Similarly, the probability,  $q_S(i, j)$ , that after leaving a sharing group of size i + 1, the line enters state S(j), is approximated as:

$$q_S(i,j) = \frac{p_S(j)}{\sum_{\ell=0}^{K-i-1} [p_C(\ell) + p_S(\ell)]} , \quad j < K-i .$$
 (2.4)

The balance equation for state C(n) has the following form:

$$p_{C}(n) \left\{ (1-\alpha) + \alpha(1-\gamma) + n(1-\alpha)\gamma + n(1-\gamma) + (K-n-1)a(n) \right.$$

$$\left[ p_{I} \frac{1}{m} + \sum_{j=0}^{K-n-2} (p_{C}(j) + p_{D}(j) + p_{S}(j))(1-\gamma) \frac{1}{m-1} \right] \right\}$$

$$= (n+1)(1-\gamma)p_{C}(n+1) + (1-\gamma)p_{S}(n+1) + p_{I}\alpha q_{C}(0,n) + \alpha(1-\gamma)$$

$$\sum_{i=0}^{K-1} [p_{C}(i) + p_{D}(i) + p_{S}(i))]q_{C}(i,n) + (K-n)\alpha a(n-1)$$

$$p_{C}(n-1) \left\{ p_{I} \frac{1}{m} + \sum_{j=0}^{K-n-1} [p_{C}(j) + p_{D}(j) + p_{S}(j)](1-\gamma) \frac{1}{m-1} \right] \right\}. \tag{2.5}$$

The first term in the right-hand side of (2.5) reflects a reduction of the sharing group from (n+1) to n. The second corresponds to a transition from state S(n+1) to C(n) when the line in the sharing group which is in state D(n+1) gets a *miss* access. The other terms are concerned with either the line in cache 1 moving out of its old sharing group into a new one, or another line joining the sharing group from outside. This equation holds for  $n=0,1,\ldots K-1$ , with the understanding that  $p_C(-1)=p_D(-1)=p_S(-1)=0$ .

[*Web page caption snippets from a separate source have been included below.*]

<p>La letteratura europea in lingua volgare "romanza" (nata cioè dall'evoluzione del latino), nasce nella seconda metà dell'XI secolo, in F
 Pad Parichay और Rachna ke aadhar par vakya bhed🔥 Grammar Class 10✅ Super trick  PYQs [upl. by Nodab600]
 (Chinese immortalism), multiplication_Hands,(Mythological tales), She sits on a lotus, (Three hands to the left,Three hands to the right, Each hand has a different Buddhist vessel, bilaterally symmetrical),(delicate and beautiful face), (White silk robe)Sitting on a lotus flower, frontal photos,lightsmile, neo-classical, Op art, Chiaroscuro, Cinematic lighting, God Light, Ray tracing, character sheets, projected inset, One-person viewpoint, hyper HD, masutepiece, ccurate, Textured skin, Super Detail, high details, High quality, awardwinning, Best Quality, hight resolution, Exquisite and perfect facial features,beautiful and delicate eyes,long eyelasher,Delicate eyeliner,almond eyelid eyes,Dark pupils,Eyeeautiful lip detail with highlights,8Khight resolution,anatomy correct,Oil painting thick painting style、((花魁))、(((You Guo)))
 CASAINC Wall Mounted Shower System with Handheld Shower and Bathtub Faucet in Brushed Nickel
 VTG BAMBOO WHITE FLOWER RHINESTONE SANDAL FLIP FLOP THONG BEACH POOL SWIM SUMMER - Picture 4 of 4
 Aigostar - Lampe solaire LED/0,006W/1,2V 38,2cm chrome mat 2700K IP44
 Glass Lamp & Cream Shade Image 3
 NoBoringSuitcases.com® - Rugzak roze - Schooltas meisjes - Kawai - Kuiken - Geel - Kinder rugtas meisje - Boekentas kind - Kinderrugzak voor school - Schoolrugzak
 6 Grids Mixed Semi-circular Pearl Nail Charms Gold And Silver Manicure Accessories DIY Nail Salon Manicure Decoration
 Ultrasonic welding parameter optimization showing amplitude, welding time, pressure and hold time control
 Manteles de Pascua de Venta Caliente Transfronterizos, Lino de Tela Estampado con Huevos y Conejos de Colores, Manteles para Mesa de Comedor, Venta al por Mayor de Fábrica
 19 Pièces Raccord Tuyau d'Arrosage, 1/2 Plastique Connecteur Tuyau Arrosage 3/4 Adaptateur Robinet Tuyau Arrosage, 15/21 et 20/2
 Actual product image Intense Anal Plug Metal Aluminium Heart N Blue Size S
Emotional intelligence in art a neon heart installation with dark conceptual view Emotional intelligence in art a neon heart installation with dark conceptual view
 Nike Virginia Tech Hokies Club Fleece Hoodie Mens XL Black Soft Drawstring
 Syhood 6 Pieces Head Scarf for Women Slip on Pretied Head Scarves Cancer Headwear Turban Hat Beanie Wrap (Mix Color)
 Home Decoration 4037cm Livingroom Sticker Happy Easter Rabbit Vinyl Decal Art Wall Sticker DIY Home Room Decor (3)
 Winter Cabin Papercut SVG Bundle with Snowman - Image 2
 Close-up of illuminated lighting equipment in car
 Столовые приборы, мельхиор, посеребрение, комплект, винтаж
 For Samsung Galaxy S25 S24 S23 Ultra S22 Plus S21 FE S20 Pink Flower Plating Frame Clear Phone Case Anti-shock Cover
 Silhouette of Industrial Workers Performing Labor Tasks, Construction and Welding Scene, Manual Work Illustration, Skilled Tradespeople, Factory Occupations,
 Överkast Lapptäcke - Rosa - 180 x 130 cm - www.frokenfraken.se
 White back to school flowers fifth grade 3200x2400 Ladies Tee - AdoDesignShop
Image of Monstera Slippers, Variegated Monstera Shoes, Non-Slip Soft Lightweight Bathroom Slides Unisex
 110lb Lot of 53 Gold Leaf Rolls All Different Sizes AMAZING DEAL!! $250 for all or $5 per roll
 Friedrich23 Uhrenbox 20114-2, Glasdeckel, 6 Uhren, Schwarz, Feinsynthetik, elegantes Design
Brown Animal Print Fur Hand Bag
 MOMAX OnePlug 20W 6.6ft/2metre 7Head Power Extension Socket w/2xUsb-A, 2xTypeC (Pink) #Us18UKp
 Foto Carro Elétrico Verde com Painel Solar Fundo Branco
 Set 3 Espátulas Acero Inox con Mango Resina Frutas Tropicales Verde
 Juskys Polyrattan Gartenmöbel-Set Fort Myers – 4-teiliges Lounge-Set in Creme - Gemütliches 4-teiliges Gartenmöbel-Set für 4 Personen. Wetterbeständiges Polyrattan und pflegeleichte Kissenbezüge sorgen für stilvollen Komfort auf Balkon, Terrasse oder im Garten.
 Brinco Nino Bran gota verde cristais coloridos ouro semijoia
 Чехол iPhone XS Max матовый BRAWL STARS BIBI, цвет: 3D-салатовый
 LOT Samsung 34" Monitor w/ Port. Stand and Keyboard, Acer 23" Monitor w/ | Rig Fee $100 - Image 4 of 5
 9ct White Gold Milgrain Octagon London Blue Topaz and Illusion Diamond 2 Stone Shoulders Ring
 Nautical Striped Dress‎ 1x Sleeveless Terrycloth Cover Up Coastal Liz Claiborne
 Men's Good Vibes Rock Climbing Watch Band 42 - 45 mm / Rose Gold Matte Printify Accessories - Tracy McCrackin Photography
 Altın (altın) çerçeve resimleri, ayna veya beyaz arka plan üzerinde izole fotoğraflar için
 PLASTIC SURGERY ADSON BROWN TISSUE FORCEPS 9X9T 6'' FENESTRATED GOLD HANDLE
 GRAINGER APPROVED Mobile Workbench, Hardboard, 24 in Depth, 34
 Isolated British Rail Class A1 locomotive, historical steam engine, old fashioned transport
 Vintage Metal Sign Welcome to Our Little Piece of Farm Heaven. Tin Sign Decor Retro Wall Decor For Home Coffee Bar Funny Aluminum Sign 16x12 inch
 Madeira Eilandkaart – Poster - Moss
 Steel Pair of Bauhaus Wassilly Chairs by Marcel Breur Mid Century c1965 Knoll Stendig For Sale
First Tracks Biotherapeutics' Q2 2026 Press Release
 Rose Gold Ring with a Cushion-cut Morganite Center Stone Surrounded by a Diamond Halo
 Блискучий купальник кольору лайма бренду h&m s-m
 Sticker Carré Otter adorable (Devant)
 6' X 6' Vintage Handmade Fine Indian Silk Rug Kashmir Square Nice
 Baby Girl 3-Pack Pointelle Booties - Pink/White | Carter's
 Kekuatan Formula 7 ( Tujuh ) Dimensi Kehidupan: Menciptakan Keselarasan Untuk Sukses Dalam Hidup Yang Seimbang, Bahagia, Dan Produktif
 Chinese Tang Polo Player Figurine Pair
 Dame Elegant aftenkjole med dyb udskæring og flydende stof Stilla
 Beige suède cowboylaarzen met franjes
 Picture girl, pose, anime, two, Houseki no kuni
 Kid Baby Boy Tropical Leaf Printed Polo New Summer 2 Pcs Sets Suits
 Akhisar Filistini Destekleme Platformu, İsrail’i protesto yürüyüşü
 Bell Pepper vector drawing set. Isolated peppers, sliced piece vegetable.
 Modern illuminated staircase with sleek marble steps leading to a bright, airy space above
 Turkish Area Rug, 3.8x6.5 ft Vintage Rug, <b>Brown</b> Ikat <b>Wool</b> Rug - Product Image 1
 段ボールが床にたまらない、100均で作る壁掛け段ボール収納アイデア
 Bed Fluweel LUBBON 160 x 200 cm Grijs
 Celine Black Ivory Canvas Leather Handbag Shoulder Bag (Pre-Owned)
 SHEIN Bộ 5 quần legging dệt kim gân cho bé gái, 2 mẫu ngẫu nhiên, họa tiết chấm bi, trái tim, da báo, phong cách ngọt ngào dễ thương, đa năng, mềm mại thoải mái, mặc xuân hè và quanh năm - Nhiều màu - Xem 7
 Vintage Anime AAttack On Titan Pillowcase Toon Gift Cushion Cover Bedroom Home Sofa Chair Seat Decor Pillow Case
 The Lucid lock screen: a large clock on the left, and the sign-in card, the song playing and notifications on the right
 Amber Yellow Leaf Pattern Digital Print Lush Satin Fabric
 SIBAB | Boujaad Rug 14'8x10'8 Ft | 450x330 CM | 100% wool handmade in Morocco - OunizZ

The equation for state S(n) is very similar:

$$p_{S}(n) \left\{ (1-\alpha) + \alpha(1-\gamma) + n(1-\alpha)\gamma + n(1-\gamma) + (K-n-1)a(n) \right.$$

$$\left[ p_{I} \frac{1}{m} + \sum_{j=0}^{K-n-2} (p_{C}(j) + p_{D}(j) + p_{S}(j))(1-\gamma) \frac{1}{m-1} \right] \right\}$$

$$= n(1-\gamma)p_{S}(n+1) + p_{I}\alpha q_{S}(0,n) + \alpha(1-\gamma)$$

$$\sum_{i=0}^{K-1} [p_{C}(i) + p_{D}(i) + p_{S}(i))]q_{S}(i,n) + (K-n)\alpha a(n-1)$$

$$p_{S}(n-1) \left\{ p_{I} \frac{1}{m} + \sum_{j=0}^{K-n-1} [p_{C}(j) + p_{D}(j) + p_{S}(j)](1-\gamma) \frac{1}{m-1} \right] \right\}. \tag{2.6}$$

In order to combine the states D(n) (n > 0) and D(0) into a single equation, let  $\delta_B$  be the indicator function of condition B: it is 1 if B holds and 0 otherwise. Then we can write:

$$p_{D}(n) \left\{ (1-\alpha)\delta_{n>0} + \alpha(1-\gamma) + n(1-\alpha)\gamma + n(1-\gamma) + (K-n-1)a(n) \right\}$$
$$\left[ p_{I} \frac{1}{m} + \sum_{j=0}^{K-n-2} (p_{C}(j) + p_{D}(j) + p_{S}(j))(1-\gamma) \frac{1}{m-1} \right] \right\}$$

$$= (n+1)(1-\gamma)p_{D}(n+1) + (1-\alpha)[1-p_{D}(0)]\delta_{n=0} + (K-n)\alpha a(n-1)$$

$$p_{D}(n-1) \left\{ p_{I} \frac{1}{m} + \sum_{j=0}^{K-n-1} [p_{C}(j) + p_{D}(j) + p_{S}(j)](1-\gamma) \frac{1}{m-1} \right\}.$$
(2.7)

Equations (2.2) - (2.7) can be easily rewritten in a way that expresses the vector of steady-state probabilities,  $\mathbf{p} = (p_I; p_C(n), 0 \le n \le K-1; p_S(n), 1 \le n \le K-1; p_D(n), 0 \le n \le K-1)$ , in terms of itself. That is, they can be written in the form

$$\mathbf{p} = f(\mathbf{p}) \tag{2.8}$$

Fixed-point equations of this type are normally solved iteratively: starting with an initial guess,  $\mathbf{p}_0$ , one computes successively  $\mathbf{p}_{i+1} = f(\mathbf{p}_i)$ , until two consecutive iterations are sufficiently close to each other. Of course, since  $\mathbf{p}$  is a probability vector, its elements must be re-normalized at every iteration to ensure that they add up to 1.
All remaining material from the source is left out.